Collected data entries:
####################
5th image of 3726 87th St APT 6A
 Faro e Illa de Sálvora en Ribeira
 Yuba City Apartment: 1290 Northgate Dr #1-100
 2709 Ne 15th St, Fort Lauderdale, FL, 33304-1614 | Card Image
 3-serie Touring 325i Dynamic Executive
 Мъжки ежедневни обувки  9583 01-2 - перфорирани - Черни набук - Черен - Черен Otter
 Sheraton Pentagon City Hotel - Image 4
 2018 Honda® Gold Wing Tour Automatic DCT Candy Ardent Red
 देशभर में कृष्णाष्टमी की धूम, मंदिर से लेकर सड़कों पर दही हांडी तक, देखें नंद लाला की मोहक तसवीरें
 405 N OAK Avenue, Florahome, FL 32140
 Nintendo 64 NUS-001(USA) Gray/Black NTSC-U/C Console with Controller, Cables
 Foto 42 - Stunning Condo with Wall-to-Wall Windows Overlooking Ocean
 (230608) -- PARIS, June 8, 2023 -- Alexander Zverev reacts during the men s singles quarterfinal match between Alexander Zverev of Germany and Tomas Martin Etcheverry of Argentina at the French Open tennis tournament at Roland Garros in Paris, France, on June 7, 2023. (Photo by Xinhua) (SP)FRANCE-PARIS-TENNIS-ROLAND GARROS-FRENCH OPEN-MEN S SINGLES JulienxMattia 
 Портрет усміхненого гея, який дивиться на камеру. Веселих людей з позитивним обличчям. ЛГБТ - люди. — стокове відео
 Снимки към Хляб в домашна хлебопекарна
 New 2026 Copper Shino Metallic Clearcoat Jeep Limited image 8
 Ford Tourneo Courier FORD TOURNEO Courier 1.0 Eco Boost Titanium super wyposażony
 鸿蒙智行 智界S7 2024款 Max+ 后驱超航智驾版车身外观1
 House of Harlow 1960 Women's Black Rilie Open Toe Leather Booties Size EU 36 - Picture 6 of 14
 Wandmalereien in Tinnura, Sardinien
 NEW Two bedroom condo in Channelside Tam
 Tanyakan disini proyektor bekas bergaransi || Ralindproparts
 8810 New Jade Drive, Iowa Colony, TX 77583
####################
▸ **WORK REQUIRED**
Whenever a line of the records above contains the word "Black", it counts toward the total; give that total alone.

▸ **PROBLEM SOLUTION**
2